[WORK INSTRUCTIONS]
Without copying any picture, return all lines below exactly.

*** Opening RECORDED INFORMATION ***

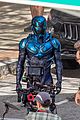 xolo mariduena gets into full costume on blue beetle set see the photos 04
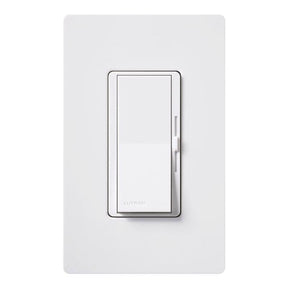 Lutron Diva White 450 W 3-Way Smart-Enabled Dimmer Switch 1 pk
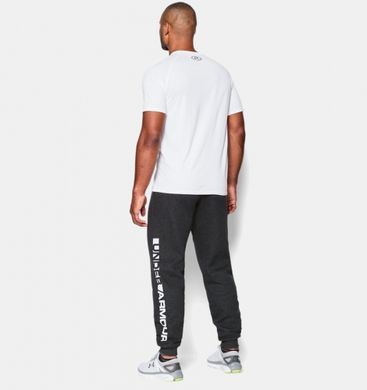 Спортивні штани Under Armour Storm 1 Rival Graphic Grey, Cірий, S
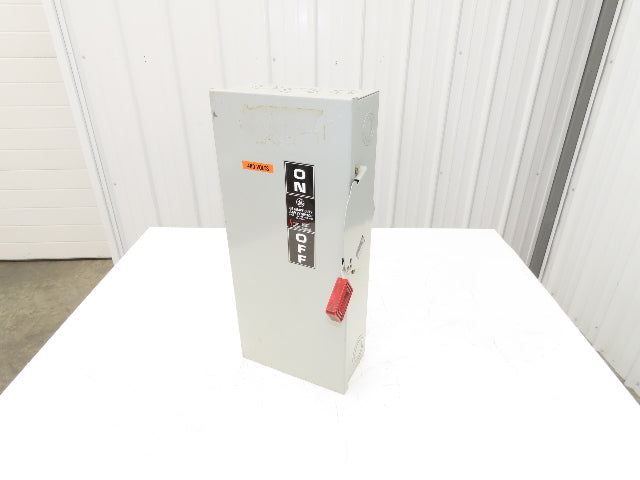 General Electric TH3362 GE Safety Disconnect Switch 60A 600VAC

*** Closing RECORDED INFORMATION ***

[OUTPUT FOR THIS EXERCISE]
 xolo mariduena gets into full costume on blue beetle set see the photos 04
 Lutron Diva White 450 W 3-Way Smart-Enabled Dimmer Switch 1 pk
 Спортивні штани Under Armour Storm 1 Rival Graphic Grey, Cірий, S
 General Electric TH3362 GE Safety Disconnect Switch 60A 600VAC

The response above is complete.